Here in Oz it seems the demise of our mail deliverers, tootling around on their dinky little motor bikes in their hi-viz canary outfits, will be consigned, like so much else, to the trash cans of history. It was sad enough when the postmaster general forced them to eschew their whistles. Does my memory serve me correctly in that, during my lifetime, we once had twice daily deliveries, with a Saturday one thrown in as well? For this to disappear completely, what is the world coming to???

Believe it or not there is a tenuous link between this rant and the book under review. The occupation of the main protagonist in ‘The Light Between Oceans’ has already gone the way the fine cohorts of men and women who deliver us our daily post seem destined to as well. His job is now no longer required by the modern world, but well and truly existed during my earlier decades as being vital to the safety of those at sea. Yes, lighthouse keepers for decades and decades spent months, even years, perched on rocks around or off our coastlines, ensuring that shipping didn’t end up smashed into the same location. My island alone is renowned for the sagas of those public spirited men and their families who gave up so much to attend to the lights at places such as Eddystone Point, as well as Tasman, Deal and Maatsuyker Islands. In this novel we meet the keepers and women of Janus Rock, a precipitous outcrop straddling the divide between the Indian and Southern Oceans off the coast of Western Australia.

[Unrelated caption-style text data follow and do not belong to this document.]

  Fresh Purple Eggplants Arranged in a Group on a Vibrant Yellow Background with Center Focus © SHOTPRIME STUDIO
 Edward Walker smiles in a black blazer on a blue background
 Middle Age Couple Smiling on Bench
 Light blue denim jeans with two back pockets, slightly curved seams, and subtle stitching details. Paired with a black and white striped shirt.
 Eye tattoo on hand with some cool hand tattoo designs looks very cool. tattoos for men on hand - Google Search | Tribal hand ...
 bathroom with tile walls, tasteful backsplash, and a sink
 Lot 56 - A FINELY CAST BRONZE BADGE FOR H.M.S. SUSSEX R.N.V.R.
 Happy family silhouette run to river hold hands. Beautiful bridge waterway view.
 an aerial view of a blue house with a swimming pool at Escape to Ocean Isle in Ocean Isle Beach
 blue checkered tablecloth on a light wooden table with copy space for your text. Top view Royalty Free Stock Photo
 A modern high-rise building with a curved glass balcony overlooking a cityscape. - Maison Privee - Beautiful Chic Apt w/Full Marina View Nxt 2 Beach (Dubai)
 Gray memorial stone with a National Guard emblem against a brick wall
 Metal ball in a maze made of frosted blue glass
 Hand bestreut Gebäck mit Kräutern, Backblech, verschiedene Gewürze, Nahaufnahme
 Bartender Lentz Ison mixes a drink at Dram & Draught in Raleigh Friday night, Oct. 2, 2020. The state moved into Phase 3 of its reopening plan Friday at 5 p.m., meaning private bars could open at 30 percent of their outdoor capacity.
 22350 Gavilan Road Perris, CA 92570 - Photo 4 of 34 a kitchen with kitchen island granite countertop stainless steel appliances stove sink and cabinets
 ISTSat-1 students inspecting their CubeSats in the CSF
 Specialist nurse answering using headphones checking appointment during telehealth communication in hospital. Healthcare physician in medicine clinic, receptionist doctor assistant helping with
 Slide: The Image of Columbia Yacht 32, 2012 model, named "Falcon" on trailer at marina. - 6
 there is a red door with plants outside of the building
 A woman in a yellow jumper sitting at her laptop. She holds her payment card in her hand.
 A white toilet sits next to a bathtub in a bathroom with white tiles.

Stedman has come up with a ripper yarn of the several Sophie choices that befall one self-reliant couple entrusted to the maintenance of the beam on Janus (there is much significance in the author’s selection of name for this site of the novel’s core event) Rock. The man was mind-wounded by his experiences in the Great War – his missus a lass of stoic, strong-willed stock. Much shared happiness, despite their isolation, is chiselled away by a decision foisted on them by some flotsam washed up on their tiny island. The book has a strong start recounting the tale of the wooing by the feisty maiden who is salve to her war-damaged intended beau. This was bookended by an ending that produced a pair of misty eyes for this reader at the unfairness of the hand that can be dealt. The saga does flag somewhat in it’s middle stages, but as the guilt starts to play on the minds of our isolated, in both senses of the word, duo, the author really hits her straps.

‘The Light Between Oceans’ was generally well received by critics around the land, a tribute to the skills of this fresh writer with no back catalogue. For her longevity, the proof of the pudding, as always, will be the sophomore publication. With this engaging first try it augurs well. But for a novelist today, as with car makers, milk deliverers, small farmers and business people – and posties – a future in anything is no given.